Require specific Guide/Manual for Propeller 2 GPIO coding in c/c++
chintan_joshi
Posts: 135
in C/C++
Hello Everyone,
I am embedded c/c++ developer and new to this site and just bought Propeller 2. I want to start with high frequency GPIO code using c++. But not able to find proper guide or user manual to start with Propeller 2. So it will be helpful if someone can provide link/document for Propeller2 GPIO coding using c++?
Comments
Most of your work will be getting familiar with the environment.
Lots of good links here - https://forums.parallax.com/discussion/173000/propeller-2-users-get-started-here/p1
Definitive hardware reference document is still Chip's silicon google doc - https://docs.google.com/document/d/1gn6oaT5Ib7CytvlZHacmrSbVBJsD9t_-kmvjd7nUR6o/edit?usp=sharing
And also at the end of his Spin2 doc, it defines common used compile time symbols - https://docs.google.com/document/d/16qVkmA6Co5fUNKJHF6pBfGfDupuRwDtf-wyieh_fbqw/edit
There is two third-party C compilers:
EDIT: Changed Catalina link
Here's a list from the FlexC manual for bit-bashing functions:
Thank you very much for the support. Let me check all this.

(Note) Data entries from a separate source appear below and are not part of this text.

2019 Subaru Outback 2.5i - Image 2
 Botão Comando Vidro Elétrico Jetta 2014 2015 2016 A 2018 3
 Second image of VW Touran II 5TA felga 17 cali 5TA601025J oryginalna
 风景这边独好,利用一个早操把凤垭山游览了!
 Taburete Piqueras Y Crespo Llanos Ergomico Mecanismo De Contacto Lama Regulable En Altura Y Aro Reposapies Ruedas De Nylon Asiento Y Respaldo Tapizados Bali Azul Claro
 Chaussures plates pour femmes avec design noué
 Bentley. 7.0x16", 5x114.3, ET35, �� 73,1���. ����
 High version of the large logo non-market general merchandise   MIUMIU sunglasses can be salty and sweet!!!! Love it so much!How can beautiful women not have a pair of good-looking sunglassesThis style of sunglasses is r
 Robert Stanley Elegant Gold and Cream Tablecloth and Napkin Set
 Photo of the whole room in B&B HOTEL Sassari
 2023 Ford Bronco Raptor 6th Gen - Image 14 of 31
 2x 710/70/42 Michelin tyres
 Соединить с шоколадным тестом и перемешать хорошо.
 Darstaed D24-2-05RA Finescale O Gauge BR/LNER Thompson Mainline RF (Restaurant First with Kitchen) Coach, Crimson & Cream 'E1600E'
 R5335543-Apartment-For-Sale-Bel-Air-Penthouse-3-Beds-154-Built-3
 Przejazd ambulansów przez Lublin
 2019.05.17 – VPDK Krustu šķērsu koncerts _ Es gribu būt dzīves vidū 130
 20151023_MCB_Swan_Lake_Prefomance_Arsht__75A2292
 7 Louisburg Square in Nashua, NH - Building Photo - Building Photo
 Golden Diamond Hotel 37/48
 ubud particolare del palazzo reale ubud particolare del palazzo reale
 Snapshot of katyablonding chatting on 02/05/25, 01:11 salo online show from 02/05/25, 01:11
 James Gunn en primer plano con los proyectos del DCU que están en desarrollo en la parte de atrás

If you are looking for C++ specifically, I will plug my clang port as well: https://forums.parallax.com/discussion/171962/llvm-backend-for-propeller-2/p1
I have an (incomplete) smart pin library I am working on that I can point you to do some basic stuff, but it’s not documented yet.
Hy @Nikita, Thank you for pointing out p2llvm library. Currently i am working on to just build normal c code and access GPIO to get understanding of Propeller 2. Once i finish this i will be in better position to decide library to port my existing c++ code to Propeller 2 supported code.
Hello , Is there any specific library/ Sample code available for UART in c/c++ for propeller 2 Flexprop ide? i want to transmit image raw data from Raspberry pi to Propeller 2 on high speed. I have checked simpletools.h but there is no functions for UART imterface.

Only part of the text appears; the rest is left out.